BeReal is a French app that dropped in 2020. The app only lets users post once a day, preferably during a 2-minute window that comes at a random time. If you post late, the app tells everyone just how late you were. There are no filters, there’s no algorithm, and each post shows the view from your front and back camera, leaving little room to hide. Also, and this is the kicker, you can’t see your friends’ posts until yours is up, too. Yeah, it’s very different.
Now that you know the gist, here’s our team’s take on whether BeReal is really worth it.
Cassey (@blogilates), Rating: 6/10
The fact that you only have to post once a day makes the anticipation exciting, almost like a game! On the other hand, everyone’s hopping on at the same time, so sometimes I miss my 2 min window because the app is crashing. The front and back cam situation is scary and makes it tough to get a good angle on BOTH sides (which is the point). It’s fun to do with friends, but I think they need to gamify it and give you more points for how quickly you post, and then decrease points for late posts! Now that’s the realest!
Jen-Ai (@jen.ai), Rating: 8/10
I feel the realest on BeReal.
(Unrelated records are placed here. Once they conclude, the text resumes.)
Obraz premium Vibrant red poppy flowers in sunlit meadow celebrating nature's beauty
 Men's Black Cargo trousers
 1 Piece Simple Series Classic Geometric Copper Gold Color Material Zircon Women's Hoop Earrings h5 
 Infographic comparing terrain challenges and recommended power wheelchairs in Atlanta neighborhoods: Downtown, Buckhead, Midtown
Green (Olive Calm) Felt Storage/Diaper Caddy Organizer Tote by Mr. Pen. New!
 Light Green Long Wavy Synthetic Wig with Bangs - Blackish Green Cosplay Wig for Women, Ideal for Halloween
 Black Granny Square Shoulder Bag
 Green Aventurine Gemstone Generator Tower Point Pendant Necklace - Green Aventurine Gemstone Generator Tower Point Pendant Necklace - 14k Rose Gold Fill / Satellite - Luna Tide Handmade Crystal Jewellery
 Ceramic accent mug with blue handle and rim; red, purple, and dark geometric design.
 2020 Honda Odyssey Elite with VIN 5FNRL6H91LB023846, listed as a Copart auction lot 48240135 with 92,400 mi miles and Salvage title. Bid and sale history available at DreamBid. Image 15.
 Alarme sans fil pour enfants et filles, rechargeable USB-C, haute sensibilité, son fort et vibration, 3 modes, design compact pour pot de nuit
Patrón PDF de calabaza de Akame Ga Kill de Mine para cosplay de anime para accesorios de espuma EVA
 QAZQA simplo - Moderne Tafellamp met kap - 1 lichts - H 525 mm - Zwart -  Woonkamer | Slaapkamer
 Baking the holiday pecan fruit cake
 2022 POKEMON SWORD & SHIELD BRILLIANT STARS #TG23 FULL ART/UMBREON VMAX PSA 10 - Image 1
I love that it hits you at random times, and there are definitely moments when I’m like, “Wow, this would be a great BeReal moment,” but like life, you can’t control it. Social media has become so curated, and as someone who is a “one-sided” social media user (it takes me a lot to even like someone else’s post), I love BeReal. It’s quick, easy, and you feel comfortable in your own realness because everyone is showing that version of themselves.
Also, maybe this is kind of weird, but I love seeing the other parts of people’s lives that don’t make it infeed. Their taste in interior design, what they really do at 8 p.m. on a Thursday—it’s enlightening… or creepy? You decide. One thing that has actually creeped me out is that you can see people’s EXACT locations if they let you. I don’t love that, and the fact that there are like zero settings in their app is confusing.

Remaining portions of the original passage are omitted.